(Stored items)
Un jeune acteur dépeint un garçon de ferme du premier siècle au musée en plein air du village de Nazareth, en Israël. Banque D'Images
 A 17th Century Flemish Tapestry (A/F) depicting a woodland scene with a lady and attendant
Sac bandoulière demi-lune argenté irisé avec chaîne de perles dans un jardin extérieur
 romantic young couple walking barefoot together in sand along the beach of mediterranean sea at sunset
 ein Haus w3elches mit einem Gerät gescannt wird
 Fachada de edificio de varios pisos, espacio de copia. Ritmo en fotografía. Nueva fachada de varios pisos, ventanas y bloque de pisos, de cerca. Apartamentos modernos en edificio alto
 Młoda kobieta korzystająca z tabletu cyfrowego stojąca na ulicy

WORK REQUIRED
Nothing but the lines above from the one containing "A 17th Century" through the one containing "romantic young couple" should appear in the answer, each repeated exactly.

SOLUTION TO THIS TASK
 A 17th Century Flemish Tapestry (A/F) depicting a woodland scene with a lady and attendant
Sac bandoulière demi-lune argenté irisé avec chaîne de perles dans un jardin extérieur
 romantic young couple walking barefoot together in sand along the beach of mediterranean sea at sunset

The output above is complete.